Consider the following code using numpy arrays which is very slow :

# Intersection of an octree and a trajectory
def intersection(octree, trajectory):
    # Initialize numpy arrays
    ox = octree.get("x")
    oy = octree.get("y")
    oz = octree.get("z")
    oe = octree.get("extent")/2
    tx = trajectory.get("x")
    ty = trajectory.get("y")
    tz = trajectory.get("z")
    result = np.zeros(np.size(ox))
    # Loop over elements
    for i in range(0, np.size(tx)):
        for j in range(0, np.size(ox)):
            if (tx[i] > ox[j]-oe[j] and 
                tx[i] < ox[j]+oe[j] and 
                ty[i] > oy[j]-oe[j] and 
                ty[i] < oy[j]+oe[j] and 
                tz[i] > oz[j]-oe[j] and 
                tz[i] < oz[j]+oe[j]):
                result[j] += 1
    # Finalize
    return result

How to rewrite the function to speed up the calculation ? (np.size(tx) == 10000 and np.size(ox) == 100000)
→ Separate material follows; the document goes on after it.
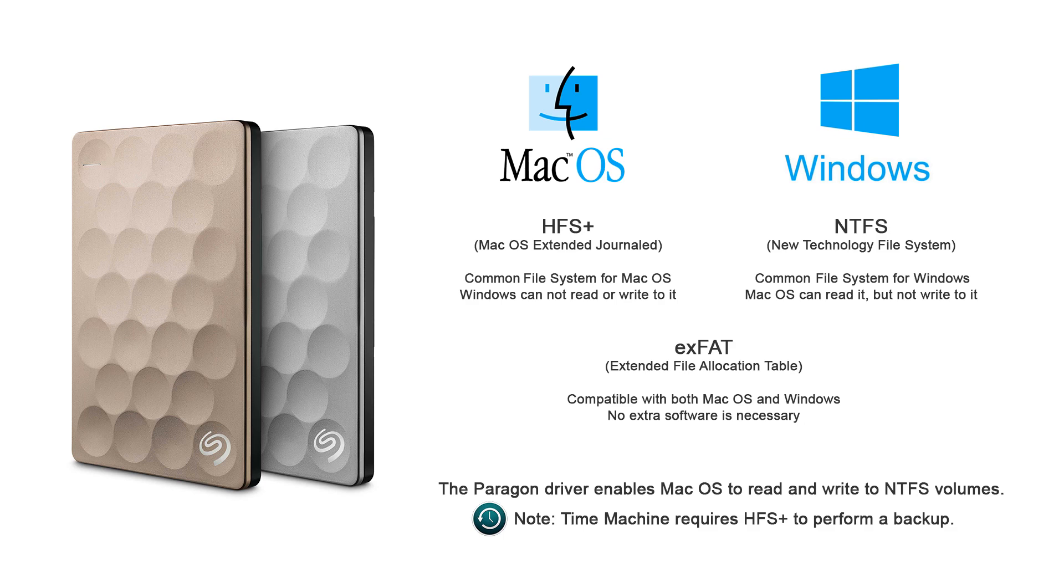If your drive will be used on both Mac and Windows, formatting it to NTFS and using Paragon on macOS is one option. Another option is to use the EXFAT file system. Both Windows and macOS have full access to this file system without the need for any extra software. See the description below for a link to a Knowledge Base article on how to format a drive in macOS.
You are allocating 10000 lists of size 100000. The first thing to do would be to stop using range for the nested j loop and use the generator version xrange instead. This will save you time and space allocating all those lists.

The next one would be to use vectorized operations:

for i in xrange(0, np.size(tx)):
    index = (ox-oe < tx[i]) & (ox+oe > tx[i]) & (oy-oe < ty[i]) & (oy+oe > ty[i]) & (oz-oe < tz[i]) & (oz+oe > tz[i])
    result[index] += 1  

You're likely to get good results by running this code under PyPy: http://pypy.org/ (instructions for our NumPy integration at https://bitbucket.org/pypy/numpy)

I think this will give the same result for the double loop and be faster:

for j in xrange(np.size(ox)):
    result[j] += sum( abs(tx-ox[j])<oe[j] & abs(ty-oy[j])<oe[j] & abs(tz-oz[j])<oe[j] )

To get this: 1) reorder the loops (ie, swap them) which is valid since nothing changes within the loops; 2) pull result[j] outside the i loop; 3) convert all the t>ox-oe and t<ox+oe to abs(t-ox)<oe (though this may not be a huge speedup, it's easier to read).

Since you don't have runnable code, and I didn't want to build a test for this, I'm not 100% sure this is correct.